The longer I procrastinated on returning phone calls and emails, the more guilty I felt about it. The guilt I felt causes me to avoid the issue further, which only led to more guilt and more procrastination. It got to the point where I didn't email someone for fear of reminding them that they emailed me and thus giving them a reason to be disappointed in me.  

Then the guilt from my ignored responsibilities grew so large that merely carrying it around with me felt like a huge responsibility. It took up a sizable portion of my capacity, leaving me almost completely useless for anything other than consuming instant noodles and surfing the internet. At some point in this endlessly spiraling disaster, I was forced to throw all of my energy into trying to be an adult again, just to dig myself out of the pit I'd fallen into. The problem was that I entered this round of attempted adulthood already burnt out from the last round. I can't not fail. 





It always ends the same way. Slumped and haggard, I contemplated the seemingly endless tasks ahead of me. And then I rebelled. Internet forever! LOL.









November 4, 2014

The Joy of Choosing





Lately I've been thinking a lot about balance. I've been thinking about moderation and stability, about pushing hard but knowing when it's time to pull back. All too often I find myself in a "go, go, go" frame of mind that I'll maintain just as long as I can, usually until I burn out or get sick or someone tells me that I need to dial it back. That I need to breathe. All too often I'm 10 steps ahead of the present, my mind lingering somewhere in the future until I realize that the here and now is passing me by.

In reading The Happiness Project by Gretchen Rubin, this idea struck me: One of the hardest things about being an adult is realizing that while you can do anything you want, you can't do everything you want.

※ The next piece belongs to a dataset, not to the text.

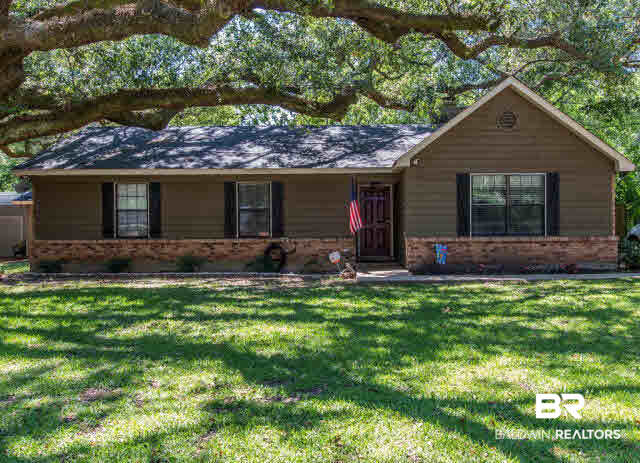 5512 Plantation Road Theodore, AL 36582 - Photo 1 of 20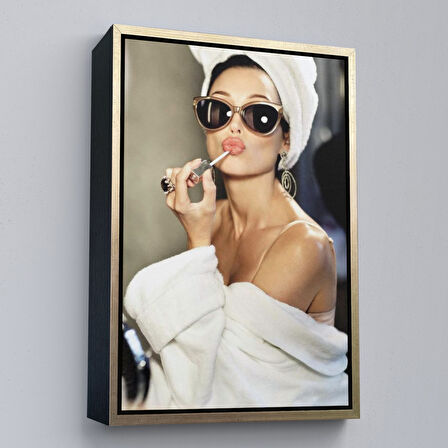 Altın Çerçeveli Audrey Hepburn Kanvas Tablo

This, I think, is one of the things I've struggled with most. I've always wanted to be out there, somewhere, to write, to be a children's book author, to design shoes, to name crayons, to teach, to act. And yet, I was forced to choose..to pick one dream from the giant pool I'd been collecting for years. Decisions, truthfully, have never been my strong suit. I crave the security of a black-and-white choice, but at the end of the day, I tend to feel a bit more comfortable in the gray area.

Still, I chose writing. When faced with the potential of anything, when I had to choose something, I opted for writing. Language, words, stories..at the end of the day, I knew that's what would make me happiest. And part of growing up..a marker of maturity, I think..is accepting that there will be days when you say: What if?  But then there are days when you wake up and pinch yourself because you get to do one of those things. You get to see one of those dreams come true, and isn't that enough?

It is. It's more than enough. And it's in that epiphany in that gratitude where joy's found.